Without copying any picture, transcribe exactly the lines of the data below from the one containing "Now if you go" through the one containing "Hello, my name".
─── Exercise data ───
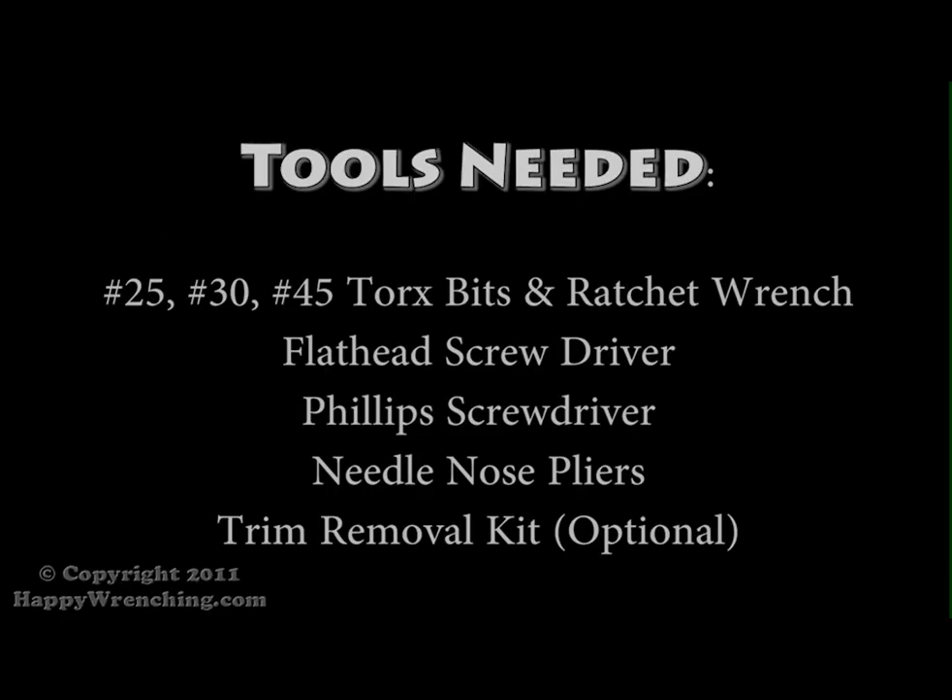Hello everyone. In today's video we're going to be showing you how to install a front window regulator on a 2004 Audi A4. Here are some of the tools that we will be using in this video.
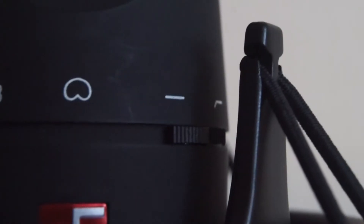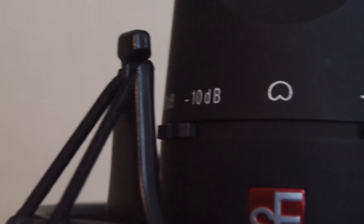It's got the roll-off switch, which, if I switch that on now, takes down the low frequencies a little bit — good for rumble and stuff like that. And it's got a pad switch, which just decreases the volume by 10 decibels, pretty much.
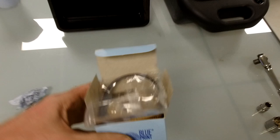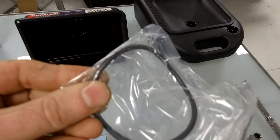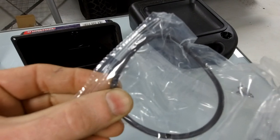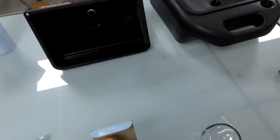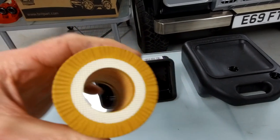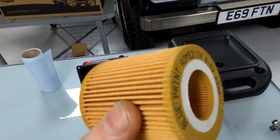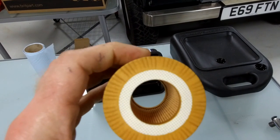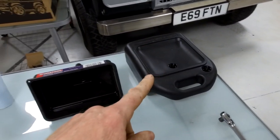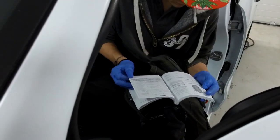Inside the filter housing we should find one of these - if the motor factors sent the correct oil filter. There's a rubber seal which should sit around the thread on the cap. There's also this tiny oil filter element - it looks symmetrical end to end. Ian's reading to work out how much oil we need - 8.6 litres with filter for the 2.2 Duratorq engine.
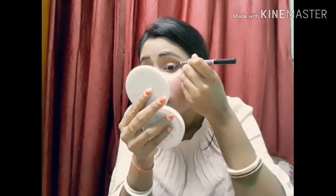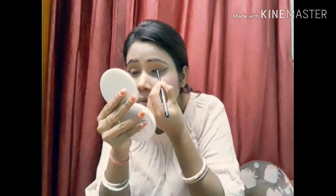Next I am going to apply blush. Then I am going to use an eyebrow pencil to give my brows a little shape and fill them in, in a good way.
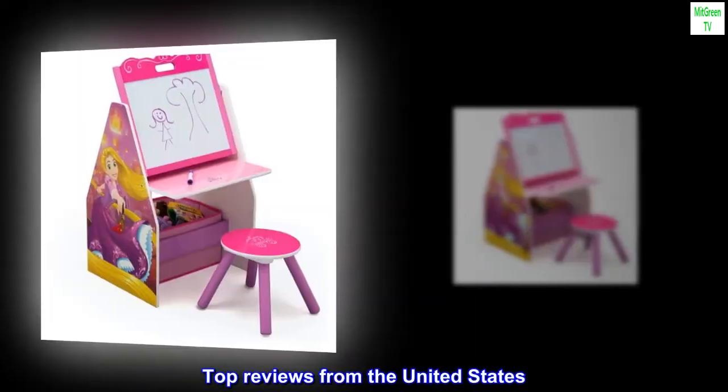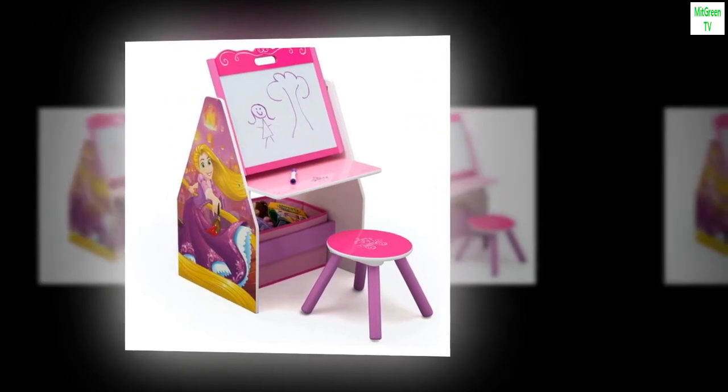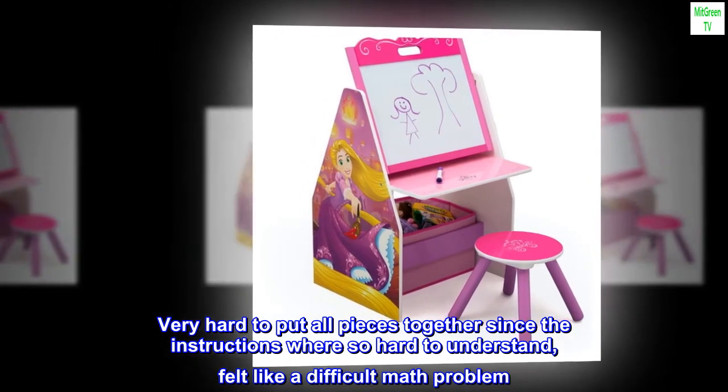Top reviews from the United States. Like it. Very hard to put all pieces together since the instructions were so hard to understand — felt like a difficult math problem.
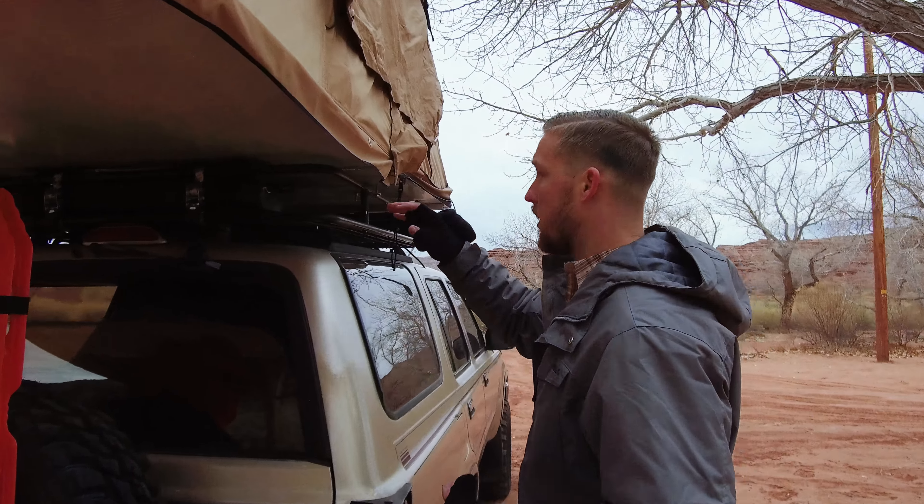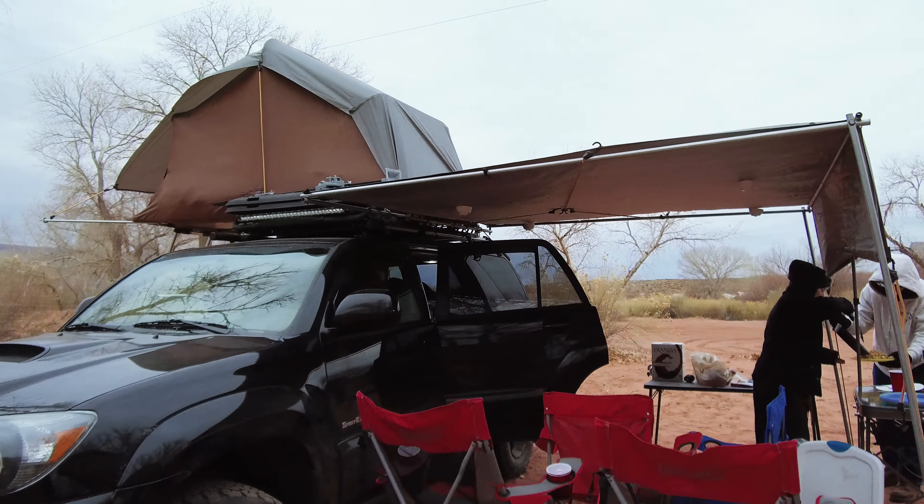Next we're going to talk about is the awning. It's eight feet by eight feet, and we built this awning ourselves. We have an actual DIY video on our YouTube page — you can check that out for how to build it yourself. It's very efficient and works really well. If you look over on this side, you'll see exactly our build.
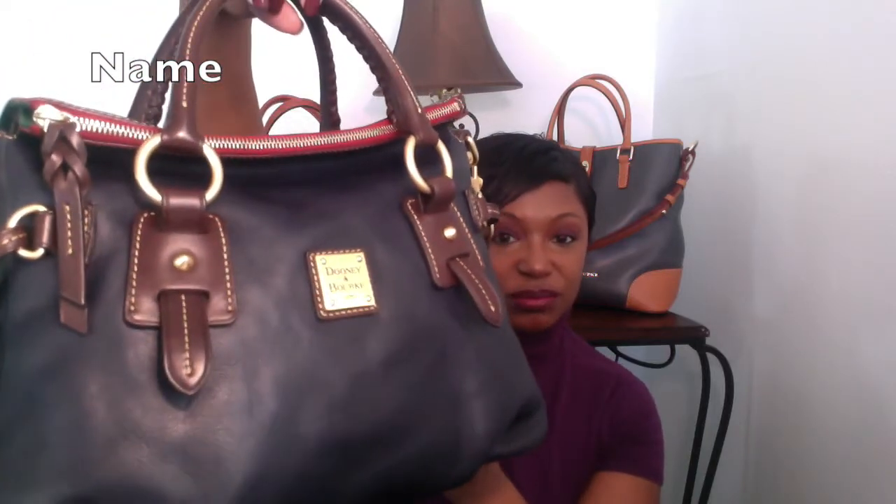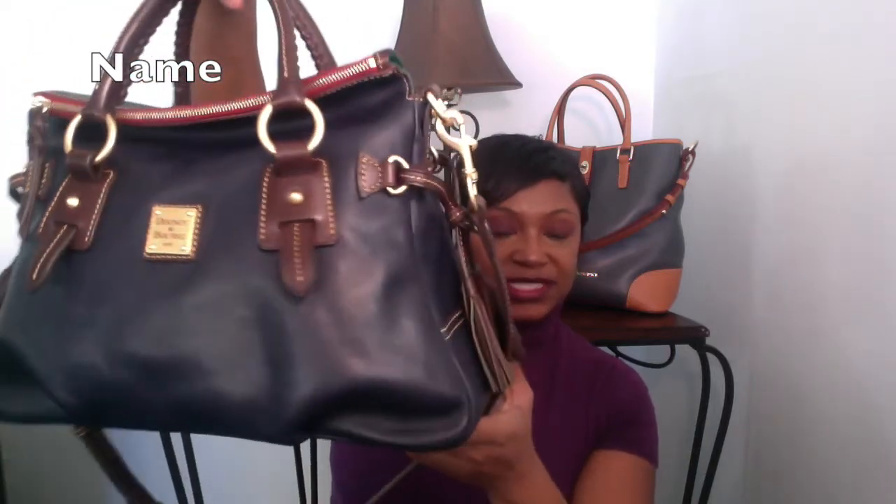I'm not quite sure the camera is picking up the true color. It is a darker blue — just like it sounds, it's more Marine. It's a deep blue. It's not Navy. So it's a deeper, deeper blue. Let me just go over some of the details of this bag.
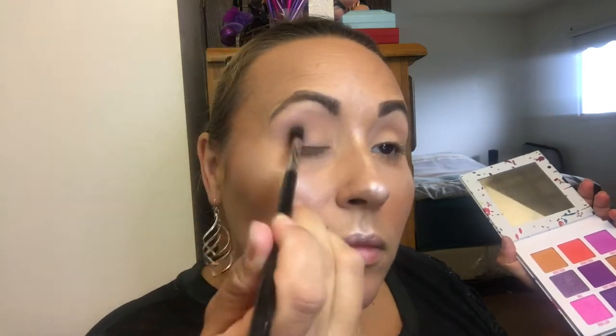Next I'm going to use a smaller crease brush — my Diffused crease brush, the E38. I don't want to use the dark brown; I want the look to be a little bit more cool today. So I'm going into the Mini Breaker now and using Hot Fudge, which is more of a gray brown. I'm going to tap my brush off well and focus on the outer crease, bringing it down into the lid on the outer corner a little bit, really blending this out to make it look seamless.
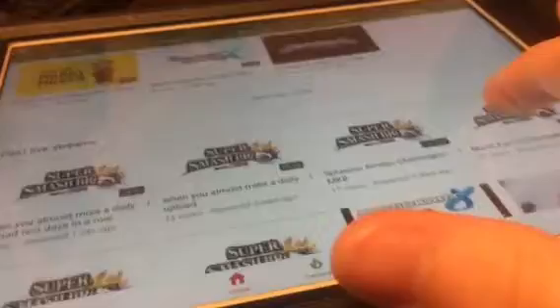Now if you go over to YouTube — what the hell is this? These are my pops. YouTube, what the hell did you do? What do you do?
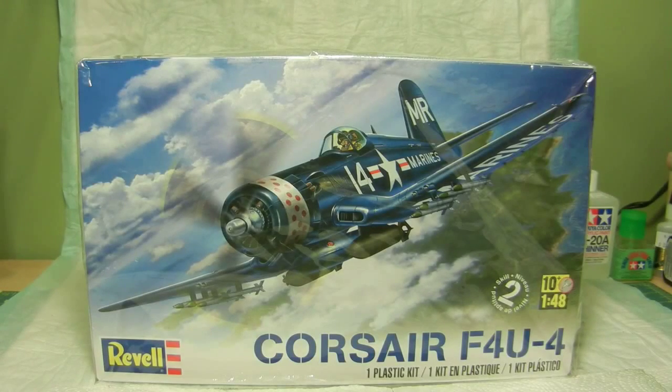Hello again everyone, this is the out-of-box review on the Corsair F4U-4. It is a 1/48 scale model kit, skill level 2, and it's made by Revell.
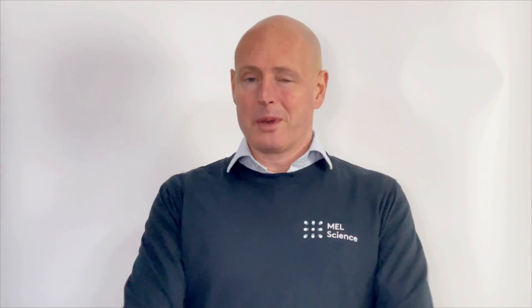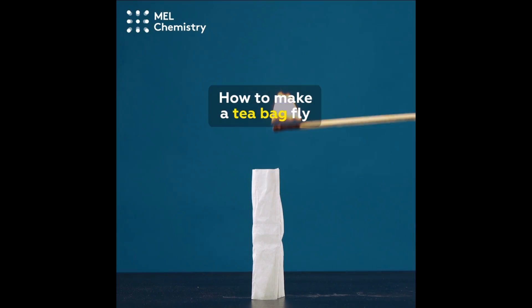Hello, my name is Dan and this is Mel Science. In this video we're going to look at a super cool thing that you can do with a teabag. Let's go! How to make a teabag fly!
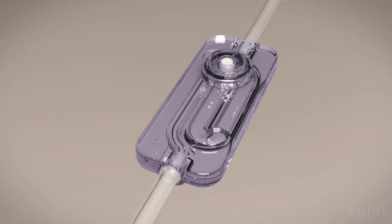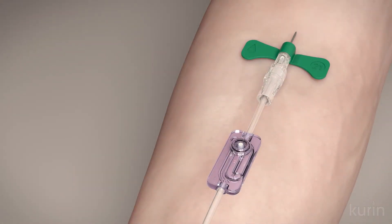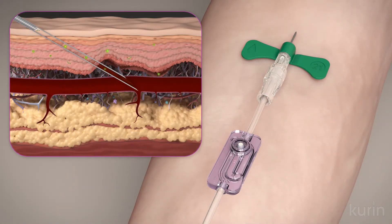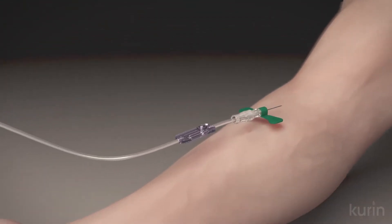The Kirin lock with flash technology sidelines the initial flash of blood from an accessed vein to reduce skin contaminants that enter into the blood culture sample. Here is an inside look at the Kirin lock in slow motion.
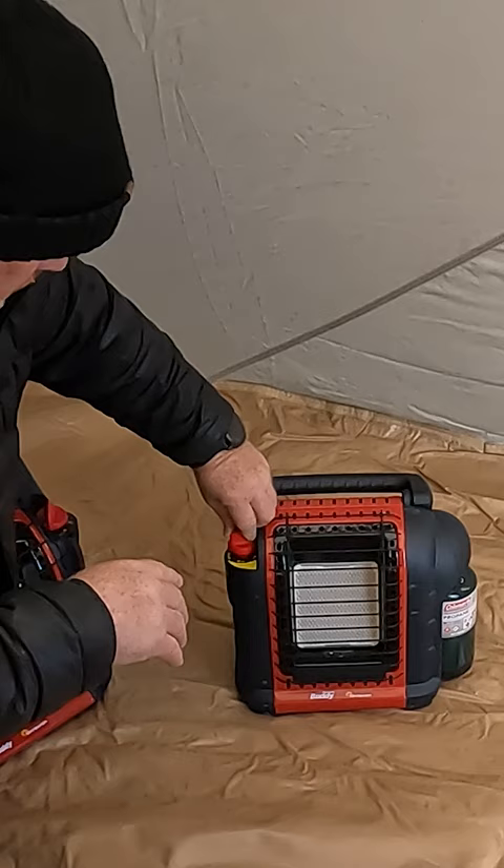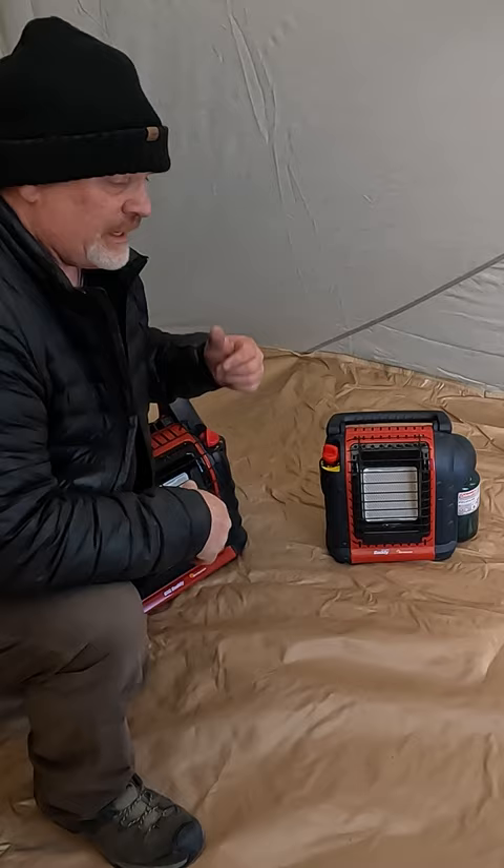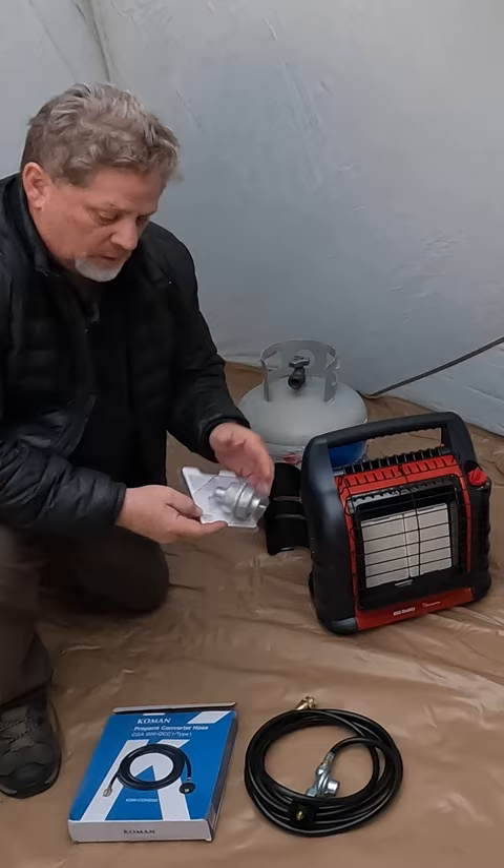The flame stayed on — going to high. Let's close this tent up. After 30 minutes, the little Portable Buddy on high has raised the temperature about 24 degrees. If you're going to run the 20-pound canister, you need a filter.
───
§ Task solution
Now if you go over to YouTube — what the hell is this? These are my pops. YouTube, what the hell did you do? What do you do?
Hello again everyone, this is the out-of-box review on the Corsair F4U-4. It is a 1/48 scale model kit, skill level 2, and it's made by Revell.
Hello, my name is Dan and this is Mel Science. In this video we're going to look at a super cool thing that you can do with a teabag. Let's go! How to make a teabag fly!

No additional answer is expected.